Captioned web images
>>>>>
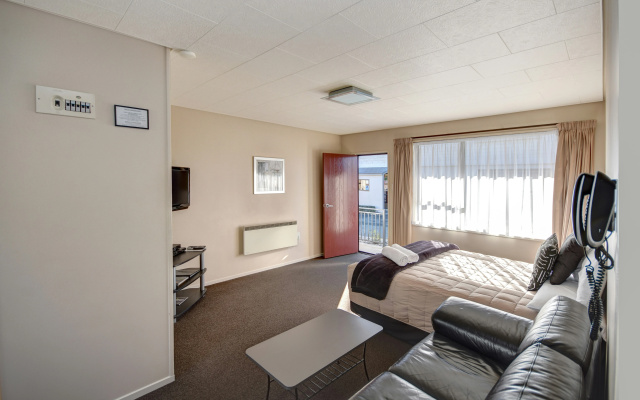 ASURE Adrian Motel — 4-star hotel in Dunedin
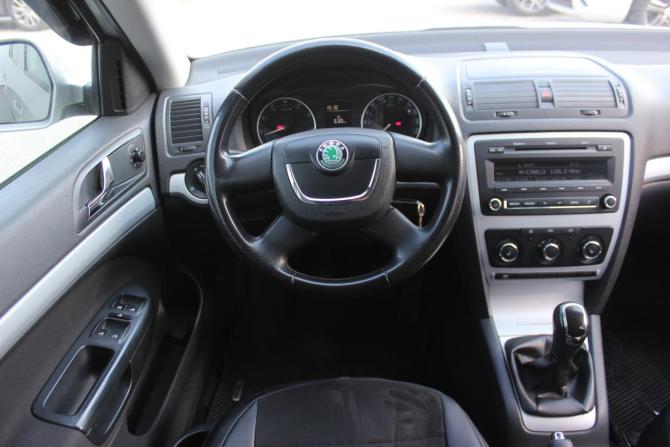 Skoda Octavia II (A5) Рестайлинг с пробегом 2011 года, цена 647 000 рублей, 291050 км, лифтбек, Автокод Объявления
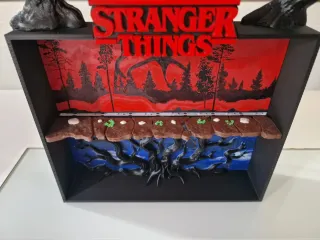 ✖️ DISEÑOS 3D ‼️ Expositor Stranger Things Kinder
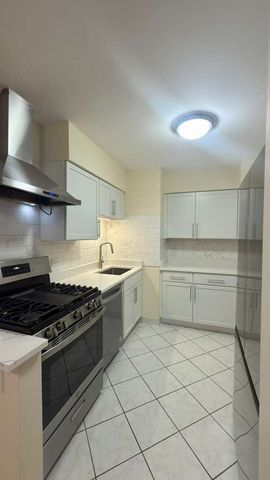 1453 N Winslowe Drive 303, Palatine, IL 60074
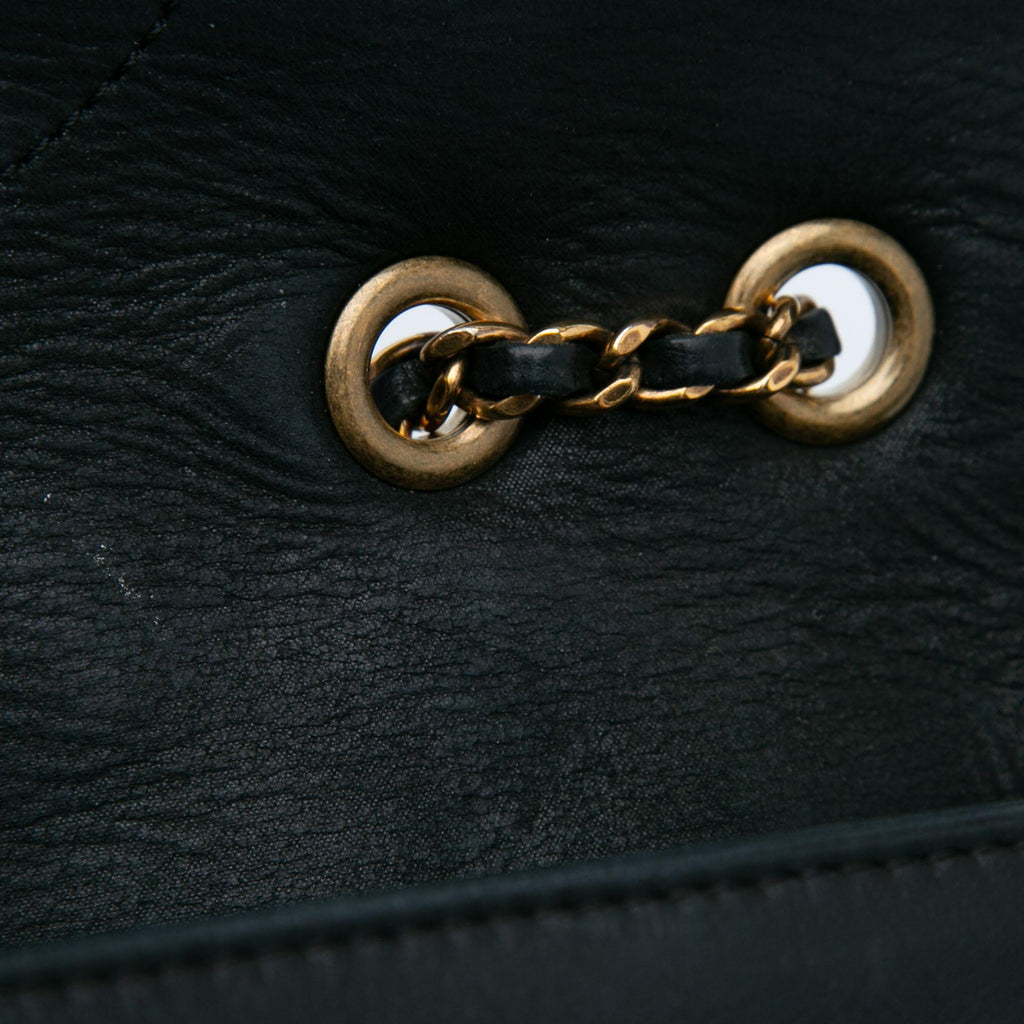Chanel Quilted Lambskin Whipstitch Single Flap (SHG-OfzSAu)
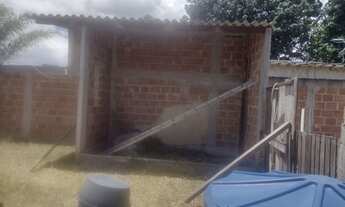 Imagem 7: Terreno grande, de fundos, com 2 cômodos. Perto de Campo Grande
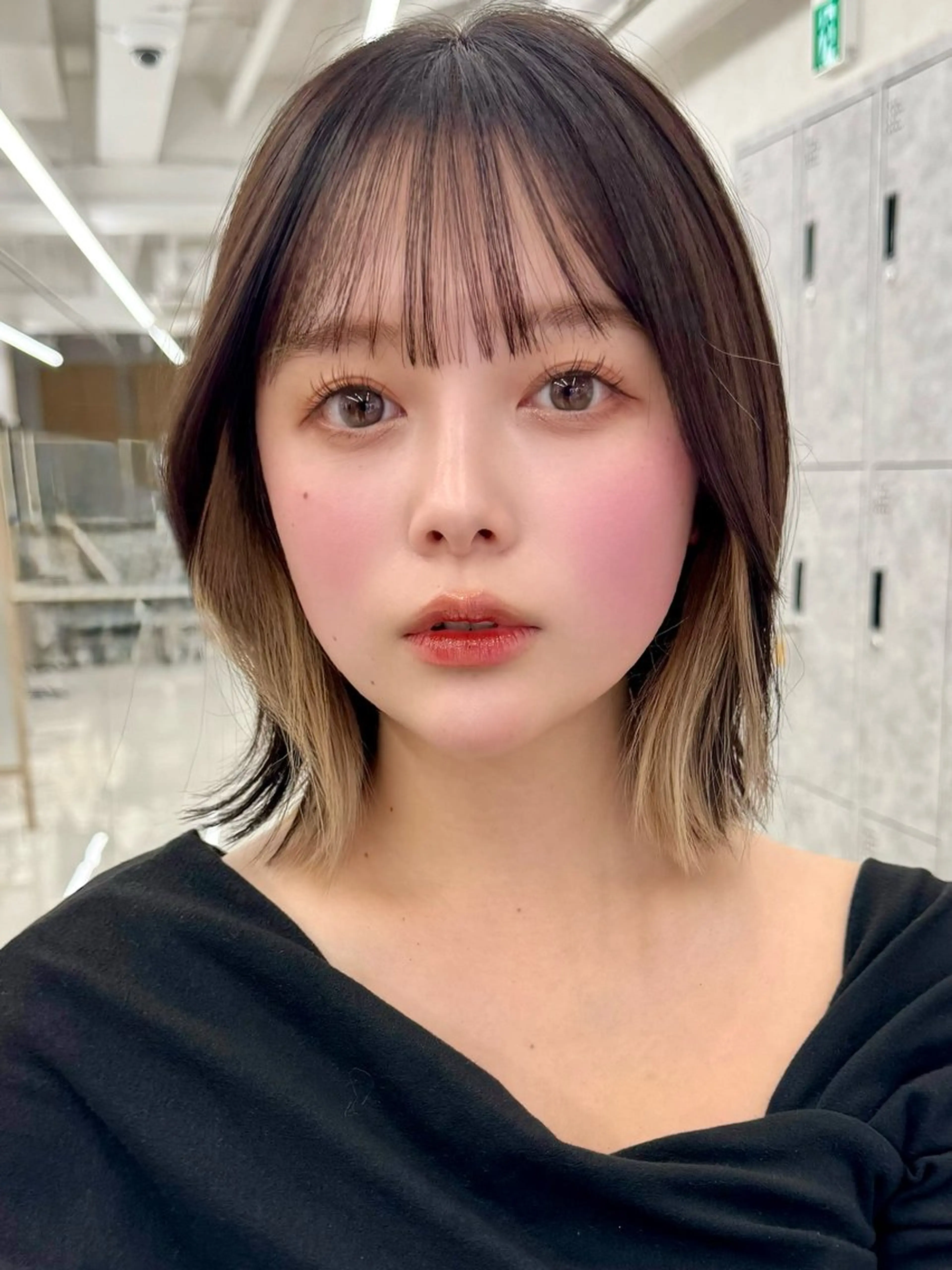 🔷【簡単にイメチェン】🔷インナーカラー➕前髪カット　※前髪なしでもご案内可能です　🇰🇷韓国風ヘアが得意です🙆の写真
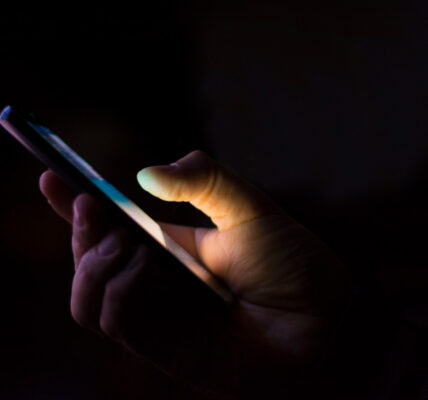 Dlaczego transakcja kryptowalutowa może utknąć na wiele godzin lub dni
<<<<<
■ WORK INSTRUCTION ■
Once the line holding "Skoda Octavia II" is found, set it down along with every line after it through the end of the entries, exactly, leaving the pictures out.

■ ANSWER ■
 Skoda Octavia II (A5) Рестайлинг с пробегом 2011 года, цена 647 000 рублей, 291050 км, лифтбек, Автокод Объявления
 ✖️ DISEÑOS 3D ‼️ Expositor Stranger Things Kinder
 1453 N Winslowe Drive 303, Palatine, IL 60074
Chanel Quilted Lambskin Whipstitch Single Flap (SHG-OfzSAu)
 Imagem 7: Terreno grande, de fundos, com 2 cômodos. Perto de Campo Grande
 🔷【簡単にイメチェン】🔷インナーカラー➕前髪カット　※前髪なしでもご案内可能です　🇰🇷韓国風ヘアが得意です🙆の写真
 Dlaczego transakcja kryptowalutowa może utknąć na wiele godzin lub dni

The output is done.